Alison Page is an award-winning creative at the forefront of contemporary Australian Aboriginal design. As a descendant of the Walbanga and Wadi Wadi people of the Yuin nation, and as a leading force in the Australian design scene, she champions the contemporary creative expression of Aboriginal identity.
Page’s creative practice explores links between cultural identity, art and the built environment. As one of three associates of Merrima Design from 1995-1999, she worked with various Aboriginal communities in the delivery of culturally appropriate architectural services. She founded her own interior design studio in 1999 and has since completed projects spanning interiors, public art, jewellery, installations and film.

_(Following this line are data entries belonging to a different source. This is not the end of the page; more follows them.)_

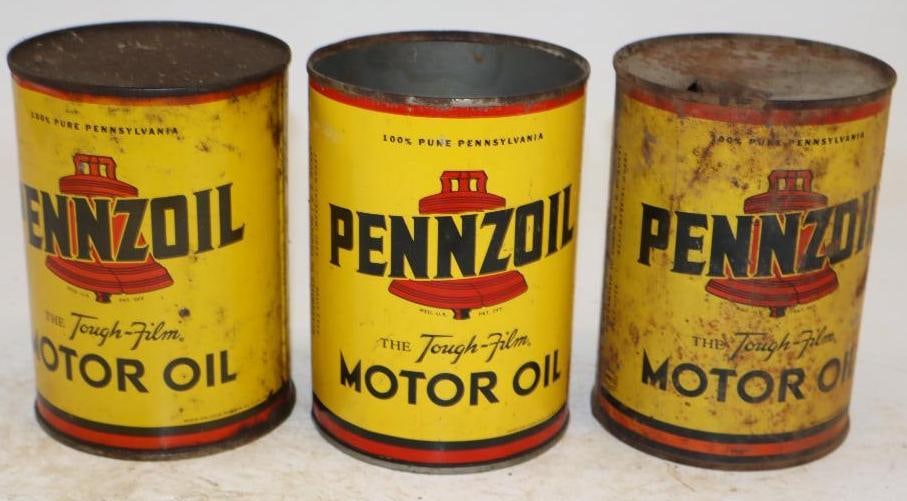 Group of 3 Pennzoil One Quart Metal Oil Cans (1 of 2)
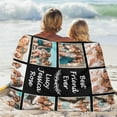 thumbnail image 3 of Custom Blanket with Picture Text Customized Photo Throw Blanket for Adult, Kids Personalized Family Photo Blanket for Mom, Dad, Grandma, Grandpa, Memorial Gifts for Christmas, Anniversary, Birthday, 3 of 6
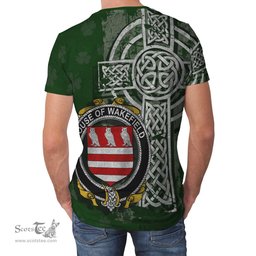 ScotsTee Shop Irish Wakefield Coat of Arms Irish Family Crest T Shirt Irish Shamrock Celtic Cross Green T Shirt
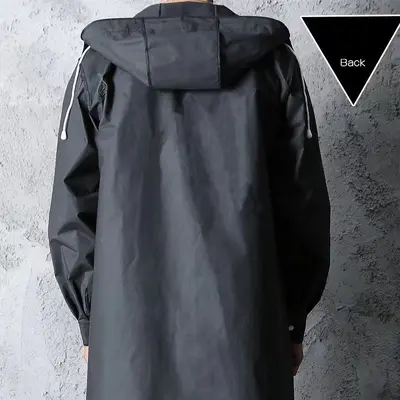 Black Adult EVA Raincoat, Hooded, Windproof, Long Style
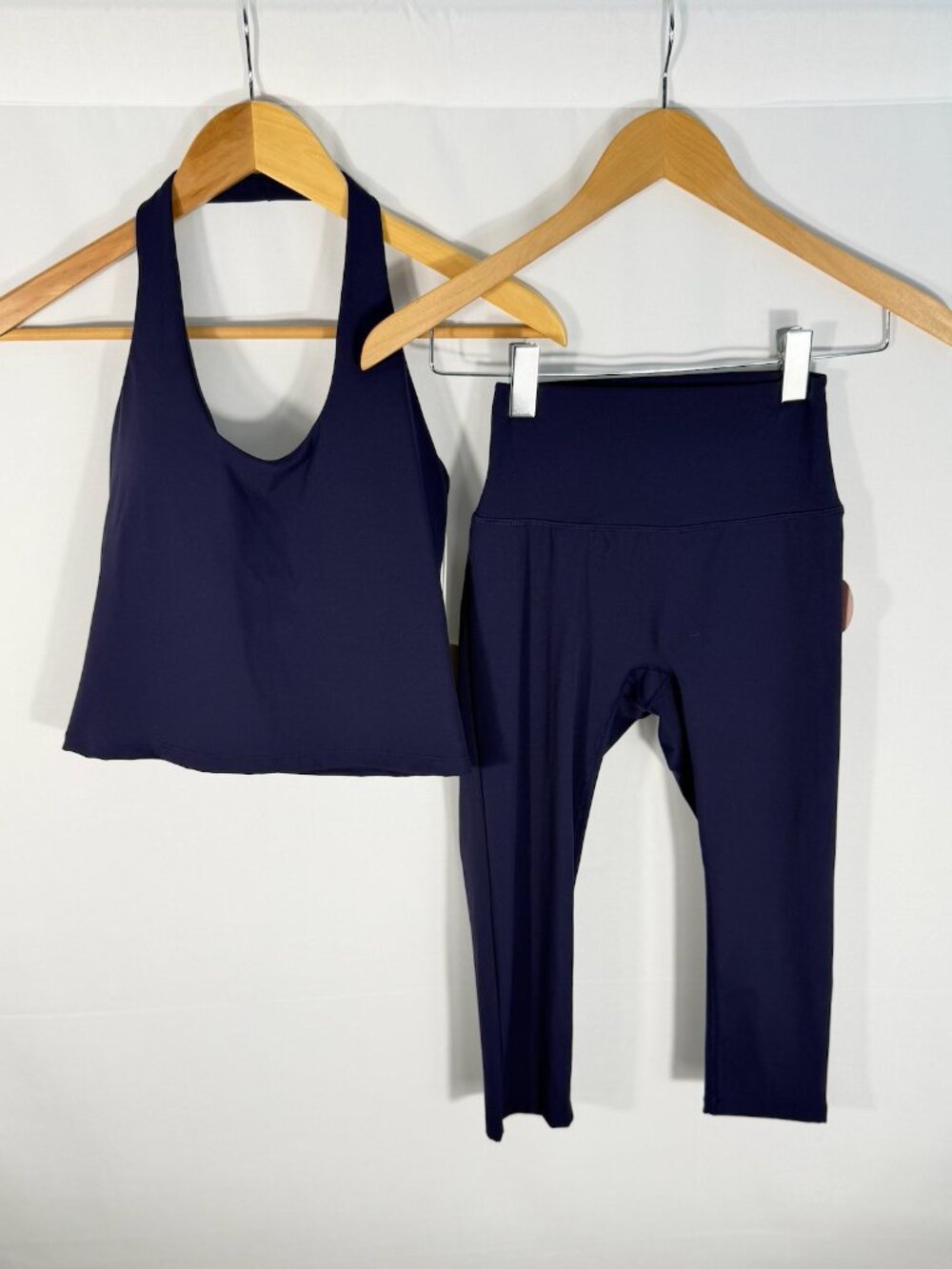 Posie Active Halter Capri Legging Set Navy Small NWT 2 Piece Pilates Workout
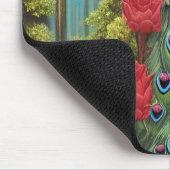 Blue Peacock in Roos en Fern Garden Muismat (Hoek)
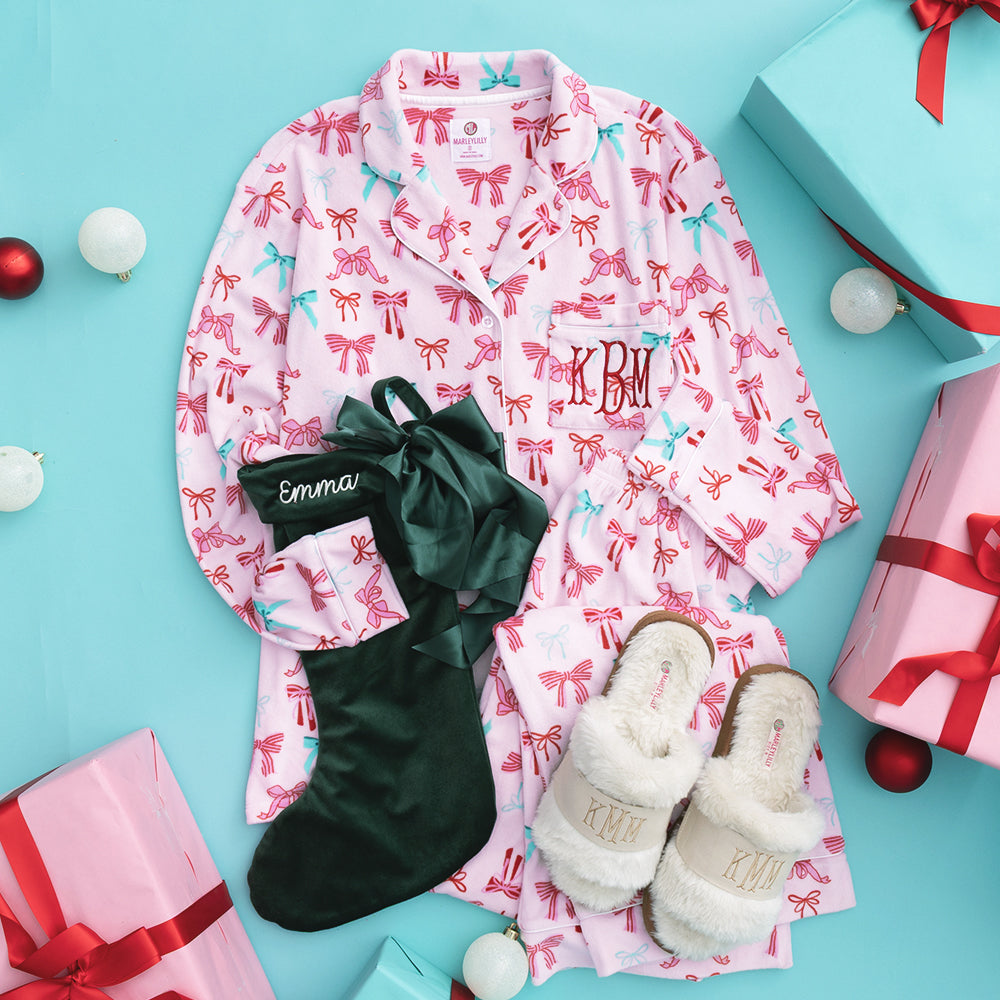christmas coquette monogrammed softspun pajama set outfit with stocking and slippers

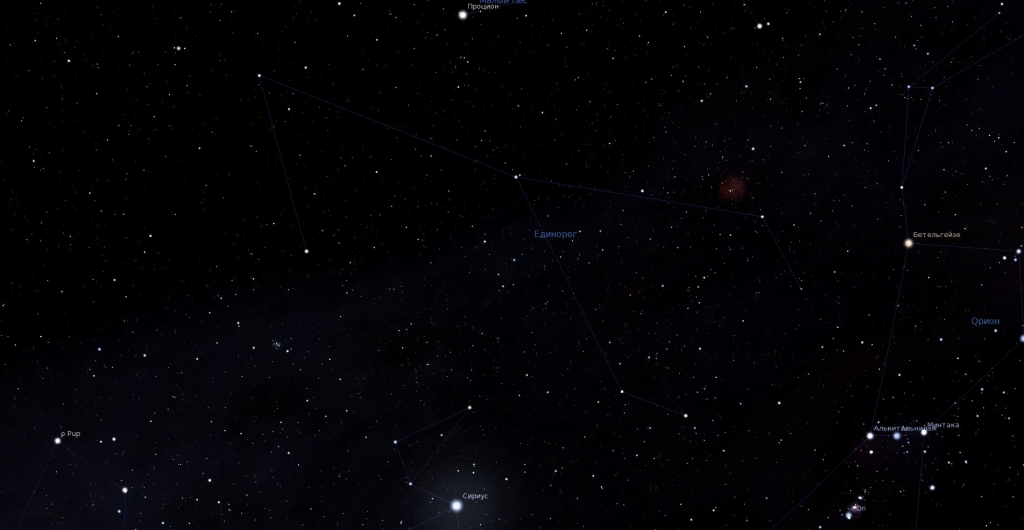 Созвездие Единорог, вид в программу планетарий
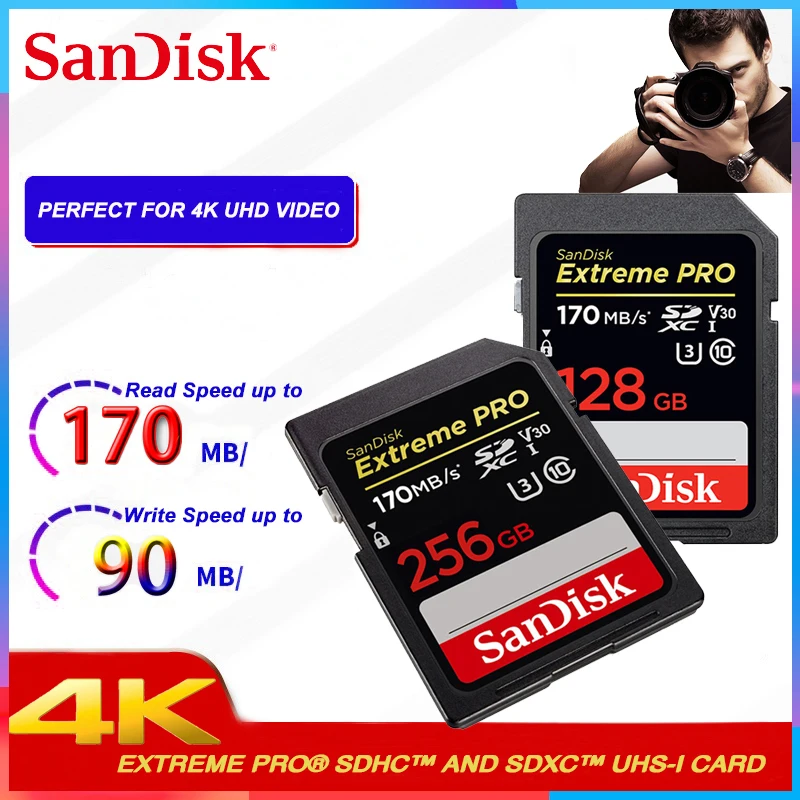 

SanDisk Extreme PRO SD card 256gb 128gb SDXH read up to 170MB/s memory card 64gb 32gb read up to 95MB/s U3 V30 4K for SLR camera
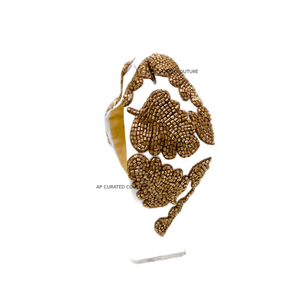 Bandeau de femmes de perles de verre de rocaille de tissu brodé à la main de mode-cadeau d'artisanat indien pour des occasions de fête - Product Image 1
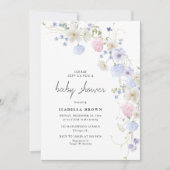 Spring Pink Paarse Wildflower Meisje Baby shower Kaart (Voorkant)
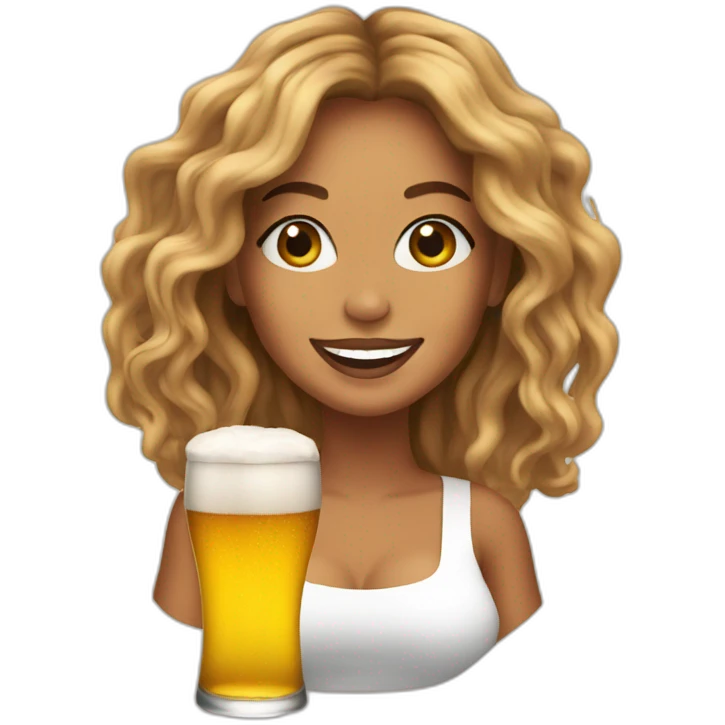 Beyoncé with a beer emoji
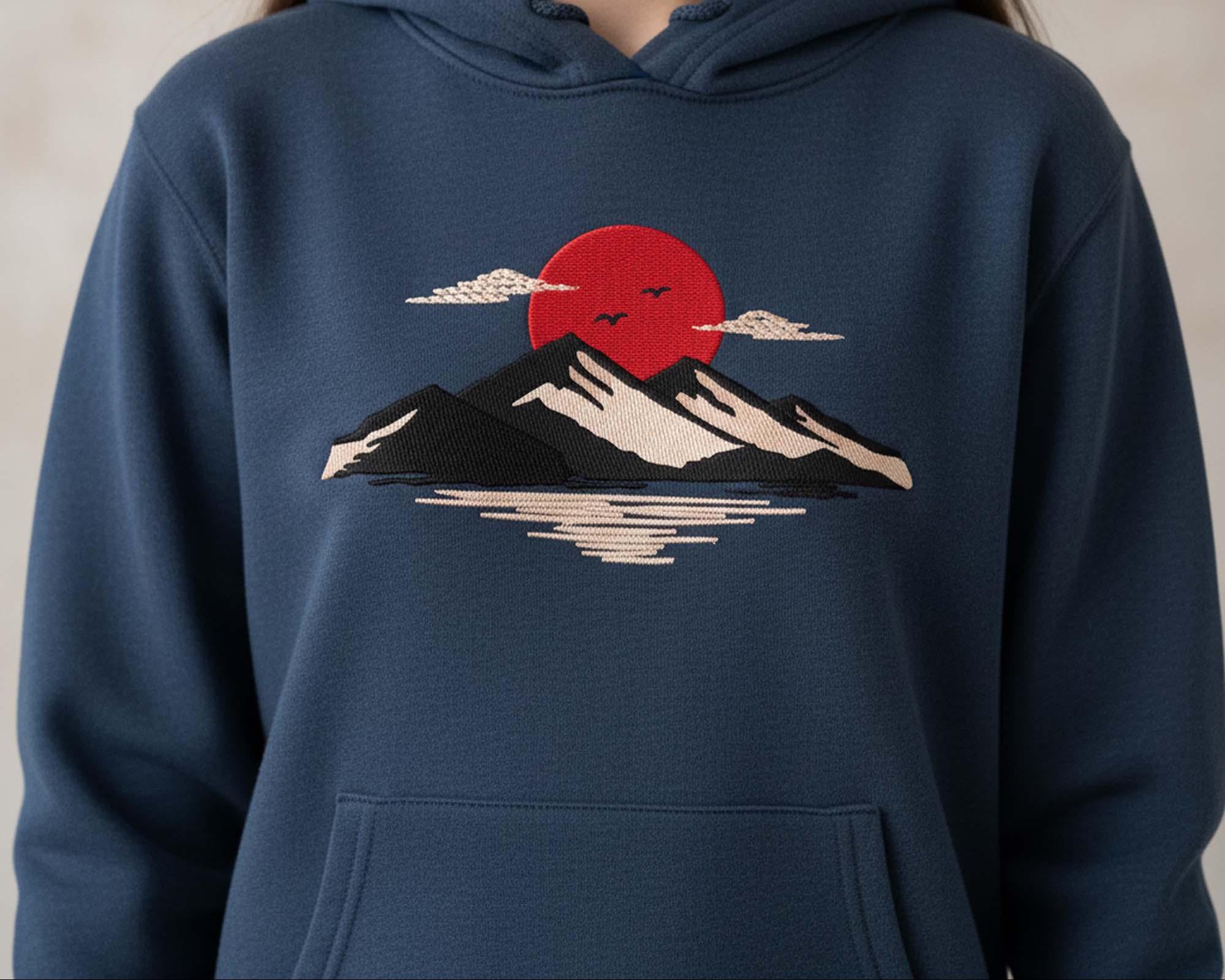 close-up preview of Japanese Sunset Mountain Machine Embroidery Desin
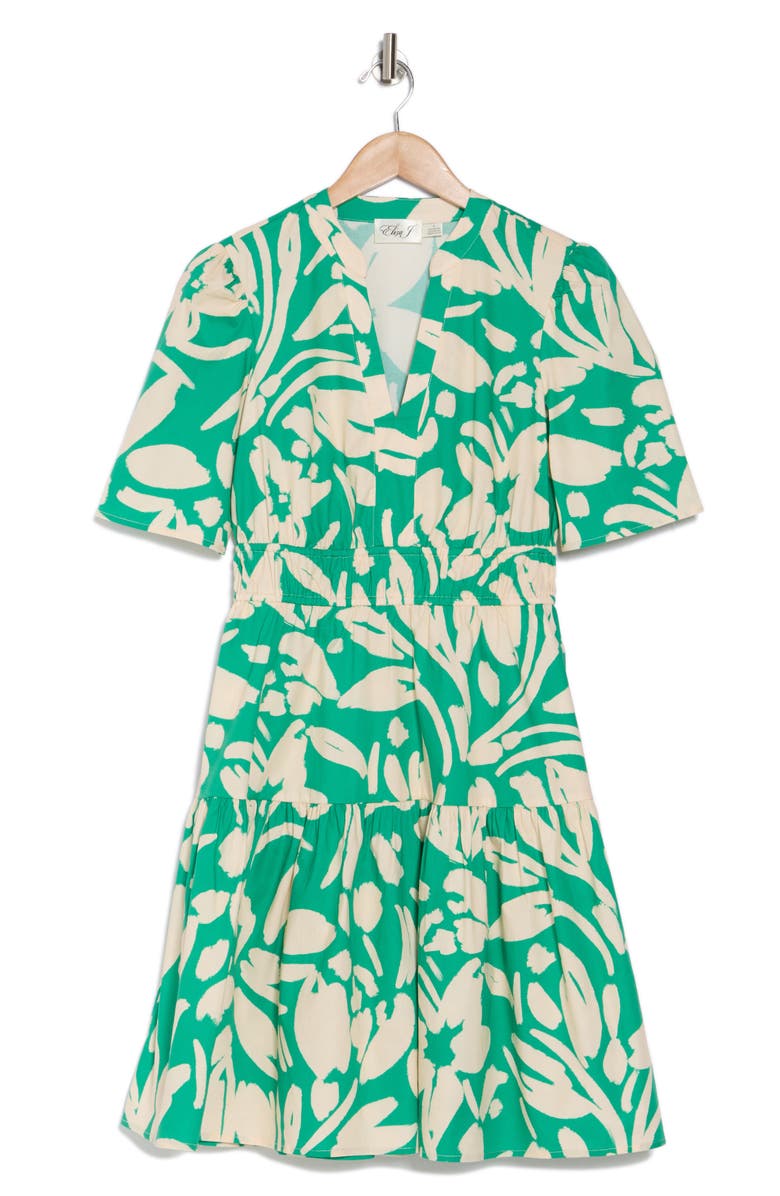 Eliza J Short Sleeve Cotton Fit & Flare Dress, Alternate, color, 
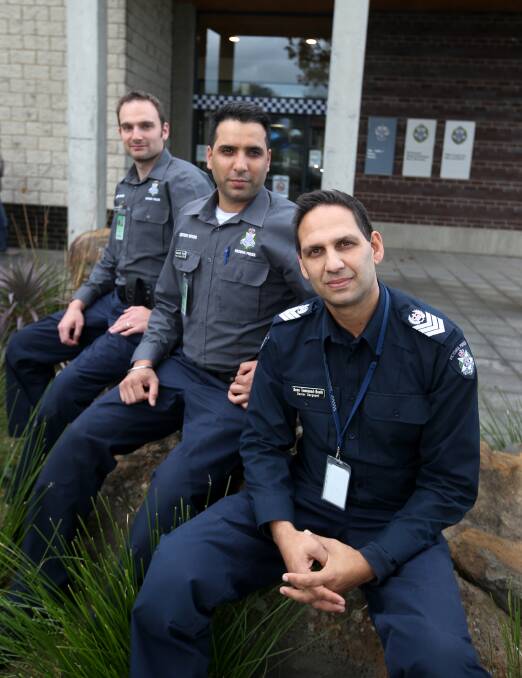 New recruits: PCO Bryan Bateman, PCO Parwinder Singh and Senior Sergeant Deon Townsend-Booth outside the Warrnambool Police Station. Picture: Amy Paton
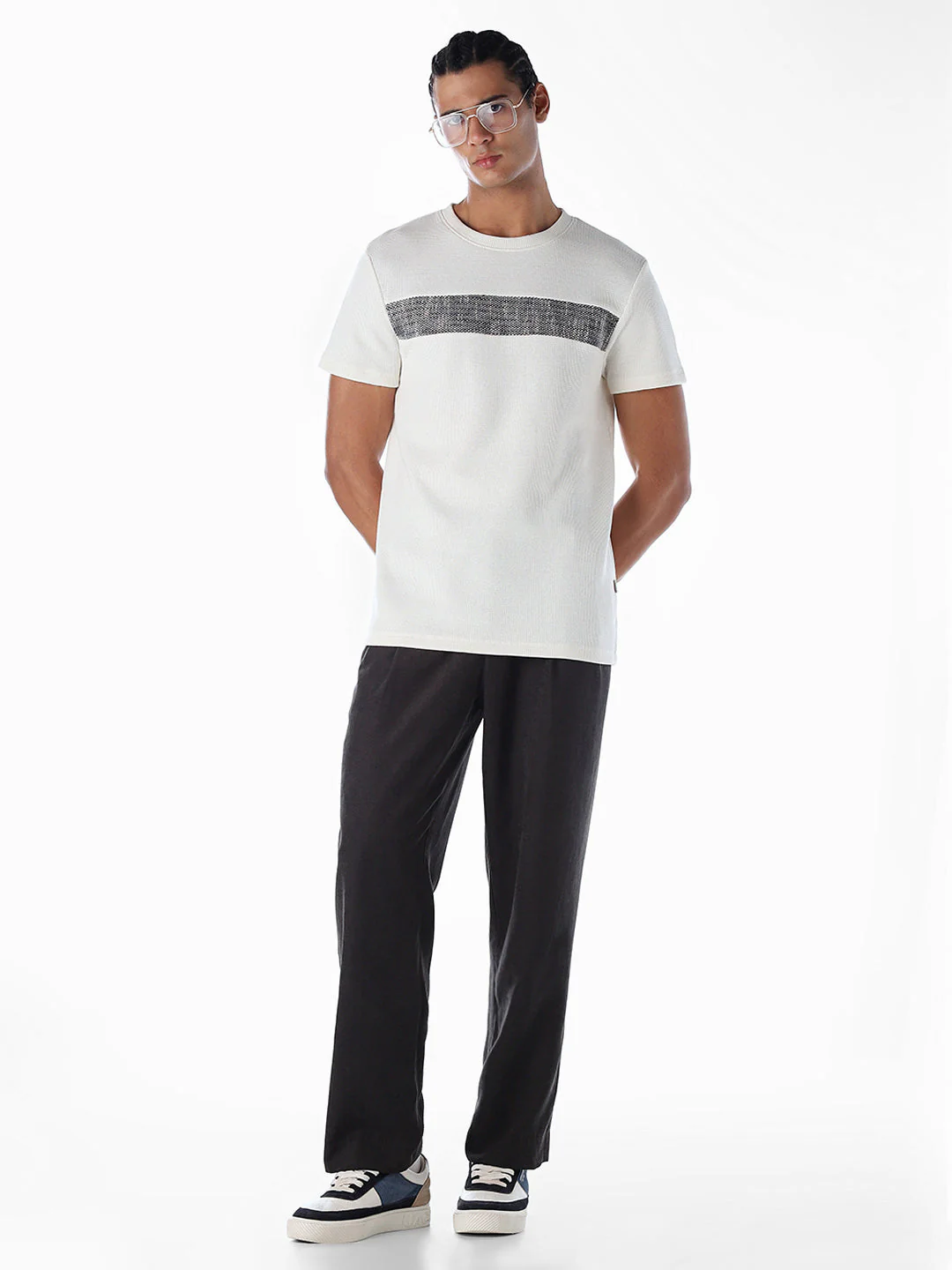 White Embroidered Cotton T-shirt - Image 6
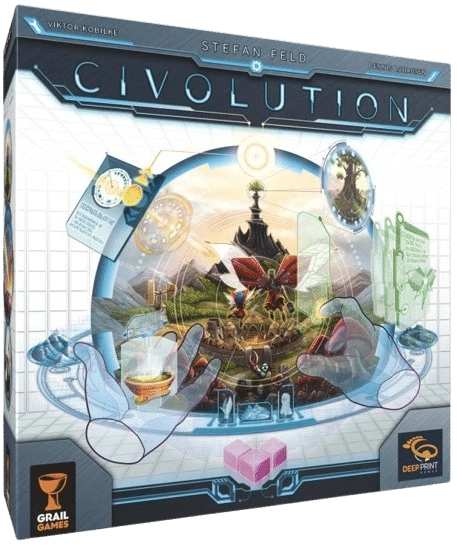 Boîte de jeu CIVOLUTION (Viktor Kobilke, Stefan Feld). Mains holographiques manipulant une civilisation fantastique, données scientifiques et jetons roses.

Page’s work with Merrima Design was awarded by the International Federation of Interior Architects for its “contribution to the design environment with an emphasis on social awareness and responsibility”, and profiled in Paidon’s Architecture for Architects Atlas. In 2008 she received a NSW Local Government Culture Award for Six Daughters of the West Wind, a series of bronze sculptures on Mt Keira in Wollongong created in collaboration with artist Tina Lee, and an Australian Jewellery Design Award for her contemporary Aboriginal diamond jewellery. In October 2015, Alison was inducted into the Design Institute of Australia’s Hall of Fame.
Until recently, Alison was the founding CEO of the Saltwater Freshwater Arts Alliance and Director of their annual Saltwater Freshwater festival. She was the founder of the National Aboriginal Design Agency, and was a member of the expert panel for the federal government’s Constitutional Recognition of Indigenous People. She appeared for eight years as a regular panelist on the ABC TV show, The New Inventors. She currently sits on the Barangaroo Development Authority Art and Culture Panel and the Lend Lease Public Art Panel at Barangaroo south.
Alison’s most recent work is in collaboration with Cinematographer Nik Lachajczak in production studio Zakpage, which converges film with the built environment to create place-based narratives. She has recently completed a series of Elders films for installation at the National Museum of Australia and a cultural installation at Barangaroo.